*** Task data ***

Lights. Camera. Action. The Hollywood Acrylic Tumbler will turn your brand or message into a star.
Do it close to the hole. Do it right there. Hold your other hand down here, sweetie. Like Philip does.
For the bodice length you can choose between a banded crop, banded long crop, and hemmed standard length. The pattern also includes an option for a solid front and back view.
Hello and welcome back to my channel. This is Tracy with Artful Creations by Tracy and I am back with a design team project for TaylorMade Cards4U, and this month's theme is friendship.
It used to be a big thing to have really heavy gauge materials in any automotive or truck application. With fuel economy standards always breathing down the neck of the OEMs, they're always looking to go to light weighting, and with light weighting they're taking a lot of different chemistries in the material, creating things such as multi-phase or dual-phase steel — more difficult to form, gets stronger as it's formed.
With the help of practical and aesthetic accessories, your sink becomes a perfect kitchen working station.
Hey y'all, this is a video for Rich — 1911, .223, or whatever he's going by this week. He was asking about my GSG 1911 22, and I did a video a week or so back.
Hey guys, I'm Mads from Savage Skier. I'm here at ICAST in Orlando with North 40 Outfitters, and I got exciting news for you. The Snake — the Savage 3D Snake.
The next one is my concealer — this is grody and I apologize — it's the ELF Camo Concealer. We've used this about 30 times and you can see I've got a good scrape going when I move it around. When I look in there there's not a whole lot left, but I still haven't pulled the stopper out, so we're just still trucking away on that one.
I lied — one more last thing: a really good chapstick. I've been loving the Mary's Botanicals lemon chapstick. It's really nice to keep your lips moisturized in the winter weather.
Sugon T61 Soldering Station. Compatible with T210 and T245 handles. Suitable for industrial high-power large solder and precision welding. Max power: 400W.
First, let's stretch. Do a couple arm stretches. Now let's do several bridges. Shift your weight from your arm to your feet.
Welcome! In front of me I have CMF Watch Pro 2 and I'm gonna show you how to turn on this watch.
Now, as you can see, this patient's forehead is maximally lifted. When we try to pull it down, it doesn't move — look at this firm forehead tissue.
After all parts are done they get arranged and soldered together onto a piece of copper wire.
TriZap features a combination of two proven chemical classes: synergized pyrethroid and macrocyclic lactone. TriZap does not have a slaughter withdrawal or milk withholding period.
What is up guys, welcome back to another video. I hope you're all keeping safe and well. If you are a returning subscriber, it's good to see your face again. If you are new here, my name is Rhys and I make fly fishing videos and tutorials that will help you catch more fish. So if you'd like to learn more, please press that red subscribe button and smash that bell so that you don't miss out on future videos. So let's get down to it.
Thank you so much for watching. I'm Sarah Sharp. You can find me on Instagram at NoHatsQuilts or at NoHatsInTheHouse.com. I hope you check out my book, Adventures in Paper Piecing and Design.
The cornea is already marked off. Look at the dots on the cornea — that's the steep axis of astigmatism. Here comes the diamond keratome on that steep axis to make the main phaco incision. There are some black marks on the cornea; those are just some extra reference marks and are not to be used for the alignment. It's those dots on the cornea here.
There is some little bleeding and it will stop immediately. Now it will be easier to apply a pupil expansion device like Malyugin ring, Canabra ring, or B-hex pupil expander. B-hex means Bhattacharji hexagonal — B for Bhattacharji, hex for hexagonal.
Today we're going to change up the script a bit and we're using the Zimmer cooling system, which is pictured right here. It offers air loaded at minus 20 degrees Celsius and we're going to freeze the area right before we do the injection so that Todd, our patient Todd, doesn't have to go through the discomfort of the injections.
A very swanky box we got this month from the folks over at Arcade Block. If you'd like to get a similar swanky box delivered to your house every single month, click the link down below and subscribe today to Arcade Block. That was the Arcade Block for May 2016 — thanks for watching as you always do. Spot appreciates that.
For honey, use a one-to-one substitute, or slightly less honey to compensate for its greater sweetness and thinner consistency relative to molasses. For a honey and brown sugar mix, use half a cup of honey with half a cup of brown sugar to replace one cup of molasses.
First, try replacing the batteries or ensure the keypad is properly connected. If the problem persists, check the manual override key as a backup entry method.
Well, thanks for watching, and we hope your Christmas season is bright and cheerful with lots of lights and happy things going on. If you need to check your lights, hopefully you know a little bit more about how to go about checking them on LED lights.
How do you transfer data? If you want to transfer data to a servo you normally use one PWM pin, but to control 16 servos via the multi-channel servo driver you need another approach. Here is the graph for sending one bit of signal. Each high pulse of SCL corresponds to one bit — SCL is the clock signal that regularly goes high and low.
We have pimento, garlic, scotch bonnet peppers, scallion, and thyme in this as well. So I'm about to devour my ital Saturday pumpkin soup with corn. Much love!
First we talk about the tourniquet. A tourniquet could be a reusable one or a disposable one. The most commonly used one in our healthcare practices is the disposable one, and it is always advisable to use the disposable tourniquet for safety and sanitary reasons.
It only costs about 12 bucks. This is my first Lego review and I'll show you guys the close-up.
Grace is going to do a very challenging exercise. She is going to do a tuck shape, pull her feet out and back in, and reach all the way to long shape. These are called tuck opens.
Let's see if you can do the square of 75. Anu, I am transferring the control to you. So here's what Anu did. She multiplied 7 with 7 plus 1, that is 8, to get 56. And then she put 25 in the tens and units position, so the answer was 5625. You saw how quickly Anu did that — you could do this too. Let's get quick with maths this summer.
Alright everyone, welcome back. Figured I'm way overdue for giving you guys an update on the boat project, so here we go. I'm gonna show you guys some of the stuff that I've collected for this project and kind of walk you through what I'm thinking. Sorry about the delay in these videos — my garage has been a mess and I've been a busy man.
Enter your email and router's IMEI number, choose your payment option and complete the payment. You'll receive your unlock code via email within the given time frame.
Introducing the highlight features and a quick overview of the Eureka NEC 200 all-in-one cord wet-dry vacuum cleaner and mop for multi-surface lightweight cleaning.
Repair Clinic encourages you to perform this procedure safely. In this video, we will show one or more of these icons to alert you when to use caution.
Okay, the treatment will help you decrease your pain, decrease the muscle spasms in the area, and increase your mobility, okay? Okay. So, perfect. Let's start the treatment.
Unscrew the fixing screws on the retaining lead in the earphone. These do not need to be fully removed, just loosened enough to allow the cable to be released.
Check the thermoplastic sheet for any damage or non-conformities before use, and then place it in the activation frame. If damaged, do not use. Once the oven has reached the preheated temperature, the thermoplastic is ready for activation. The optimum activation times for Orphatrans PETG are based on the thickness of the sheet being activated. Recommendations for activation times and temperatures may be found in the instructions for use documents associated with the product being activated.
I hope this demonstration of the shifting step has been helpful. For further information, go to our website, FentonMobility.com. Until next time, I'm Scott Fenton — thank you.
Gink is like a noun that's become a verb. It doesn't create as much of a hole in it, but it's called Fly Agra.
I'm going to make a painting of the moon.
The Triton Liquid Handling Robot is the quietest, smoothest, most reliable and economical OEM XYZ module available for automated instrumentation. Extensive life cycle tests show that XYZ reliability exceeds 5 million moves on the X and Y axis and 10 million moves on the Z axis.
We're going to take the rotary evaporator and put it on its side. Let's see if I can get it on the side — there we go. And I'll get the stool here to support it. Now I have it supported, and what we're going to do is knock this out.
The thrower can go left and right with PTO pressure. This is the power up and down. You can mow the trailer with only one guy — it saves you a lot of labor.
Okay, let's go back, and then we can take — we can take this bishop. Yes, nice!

***

Exercise: Restate the data above exactly, keeping each word as it stands.

Answer section:
Lights. Camera. Action. The Hollywood Acrylic Tumbler will turn your brand or message into a star.
Do it close to the hole. Do it right there. Hold your other hand down here, sweetie. Like Philip does.
For the bodice length you can choose between a banded crop, banded long crop, and hemmed standard length. The pattern also includes an option for a solid front and back view.
Hello and welcome back to my channel. This is Tracy with Artful Creations by Tracy and I am back with a design team project for TaylorMade Cards4U, and this month's theme is friendship.
It used to be a big thing to have really heavy gauge materials in any automotive or truck application. With fuel economy standards always breathing down the neck of the OEMs, they're always looking to go to light weighting, and with light weighting they're taking a lot of different chemistries in the material, creating things such as multi-phase or dual-phase steel — more difficult to form, gets stronger as it's formed.
With the help of practical and aesthetic accessories, your sink becomes a perfect kitchen working station.
Hey y'all, this is a video for Rich — 1911, .223, or whatever he's going by this week. He was asking about my GSG 1911 22, and I did a video a week or so back.
Hey guys, I'm Mads from Savage Skier. I'm here at ICAST in Orlando with North 40 Outfitters, and I got exciting news for you. The Snake — the Savage 3D Snake.
The next one is my concealer — this is grody and I apologize — it's the ELF Camo Concealer. We've used this about 30 times and you can see I've got a good scrape going when I move it around. When I look in there there's not a whole lot left, but I still haven't pulled the stopper out, so we're just still trucking away on that one.
I lied — one more last thing: a really good chapstick. I've been loving the Mary's Botanicals lemon chapstick. It's really nice to keep your lips moisturized in the winter weather.
Sugon T61 Soldering Station. Compatible with T210 and T245 handles. Suitable for industrial high-power large solder and precision welding. Max power: 400W.
First, let's stretch. Do a couple arm stretches. Now let's do several bridges. Shift your weight from your arm to your feet.
Welcome! In front of me I have CMF Watch Pro 2 and I'm gonna show you how to turn on this watch.
Now, as you can see, this patient's forehead is maximally lifted. When we try to pull it down, it doesn't move — look at this firm forehead tissue.
After all parts are done they get arranged and soldered together onto a piece of copper wire.
TriZap features a combination of two proven chemical classes: synergized pyrethroid and macrocyclic lactone. TriZap does not have a slaughter withdrawal or milk withholding period.
What is up guys, welcome back to another video. I hope you're all keeping safe and well. If you are a returning subscriber, it's good to see your face again. If you are new here, my name is Rhys and I make fly fishing videos and tutorials that will help you catch more fish. So if you'd like to learn more, please press that red subscribe button and smash that bell so that you don't miss out on future videos. So let's get down to it.
Thank you so much for watching. I'm Sarah Sharp. You can find me on Instagram at NoHatsQuilts or at NoHatsInTheHouse.com. I hope you check out my book, Adventures in Paper Piecing and Design.
The cornea is already marked off. Look at the dots on the cornea — that's the steep axis of astigmatism. Here comes the diamond keratome on that steep axis to make the main phaco incision. There are some black marks on the cornea; those are just some extra reference marks and are not to be used for the alignment. It's those dots on the cornea here.
There is some little bleeding and it will stop immediately. Now it will be easier to apply a pupil expansion device like Malyugin ring, Canabra ring, or B-hex pupil expander. B-hex means Bhattacharji hexagonal — B for Bhattacharji, hex for hexagonal.
Today we're going to change up the script a bit and we're using the Zimmer cooling system, which is pictured right here. It offers air loaded at minus 20 degrees Celsius and we're going to freeze the area right before we do the injection so that Todd, our patient Todd, doesn't have to go through the discomfort of the injections.
A very swanky box we got this month from the folks over at Arcade Block. If you'd like to get a similar swanky box delivered to your house every single month, click the link down below and subscribe today to Arcade Block. That was the Arcade Block for May 2016 — thanks for watching as you always do. Spot appreciates that.
For honey, use a one-to-one substitute, or slightly less honey to compensate for its greater sweetness and thinner consistency relative to molasses. For a honey and brown sugar mix, use half a cup of honey with half a cup of brown sugar to replace one cup of molasses.
First, try replacing the batteries or ensure the keypad is properly connected. If the problem persists, check the manual override key as a backup entry method.
Well, thanks for watching, and we hope your Christmas season is bright and cheerful with lots of lights and happy things going on. If you need to check your lights, hopefully you know a little bit more about how to go about checking them on LED lights.
How do you transfer data? If you want to transfer data to a servo you normally use one PWM pin, but to control 16 servos via the multi-channel servo driver you need another approach. Here is the graph for sending one bit of signal. Each high pulse of SCL corresponds to one bit — SCL is the clock signal that regularly goes high and low.
We have pimento, garlic, scotch bonnet peppers, scallion, and thyme in this as well. So I'm about to devour my ital Saturday pumpkin soup with corn. Much love!
First we talk about the tourniquet. A tourniquet could be a reusable one or a disposable one. The most commonly used one in our healthcare practices is the disposable one, and it is always advisable to use the disposable tourniquet for safety and sanitary reasons.
It only costs about 12 bucks. This is my first Lego review and I'll show you guys the close-up.
Grace is going to do a very challenging exercise. She is going to do a tuck shape, pull her feet out and back in, and reach all the way to long shape. These are called tuck opens.
Let's see if you can do the square of 75. Anu, I am transferring the control to you. So here's what Anu did. She multiplied 7 with 7 plus 1, that is 8, to get 56. And then she put 25 in the tens and units position, so the answer was 5625. You saw how quickly Anu did that — you could do this too. Let's get quick with maths this summer.
Alright everyone, welcome back. Figured I'm way overdue for giving you guys an update on the boat project, so here we go. I'm gonna show you guys some of the stuff that I've collected for this project and kind of walk you through what I'm thinking. Sorry about the delay in these videos — my garage has been a mess and I've been a busy man.
Enter your email and router's IMEI number, choose your payment option and complete the payment. You'll receive your unlock code via email within the given time frame.
Introducing the highlight features and a quick overview of the Eureka NEC 200 all-in-one cord wet-dry vacuum cleaner and mop for multi-surface lightweight cleaning.
Repair Clinic encourages you to perform this procedure safely. In this video, we will show one or more of these icons to alert you when to use caution.
Okay, the treatment will help you decrease your pain, decrease the muscle spasms in the area, and increase your mobility, okay? Okay. So, perfect. Let's start the treatment.
Unscrew the fixing screws on the retaining lead in the earphone. These do not need to be fully removed, just loosened enough to allow the cable to be released.
Check the thermoplastic sheet for any damage or non-conformities before use, and then place it in the activation frame. If damaged, do not use. Once the oven has reached the preheated temperature, the thermoplastic is ready for activation. The optimum activation times for Orphatrans PETG are based on the thickness of the sheet being activated. Recommendations for activation times and temperatures may be found in the instructions for use documents associated with the product being activated.
I hope this demonstration of the shifting step has been helpful. For further information, go to our website, FentonMobility.com. Until next time, I'm Scott Fenton — thank you.
Gink is like a noun that's become a verb. It doesn't create as much of a hole in it, but it's called Fly Agra.
I'm going to make a painting of the moon.
The Triton Liquid Handling Robot is the quietest, smoothest, most reliable and economical OEM XYZ module available for automated instrumentation. Extensive life cycle tests show that XYZ reliability exceeds 5 million moves on the X and Y axis and 10 million moves on the Z axis.
We're going to take the rotary evaporator and put it on its side. Let's see if I can get it on the side — there we go. And I'll get the stool here to support it. Now I have it supported, and what we're going to do is knock this out.
The thrower can go left and right with PTO pressure. This is the power up and down. You can mow the trailer with only one guy — it saves you a lot of labor.
Okay, let's go back, and then we can take — we can take this bishop. Yes, nice!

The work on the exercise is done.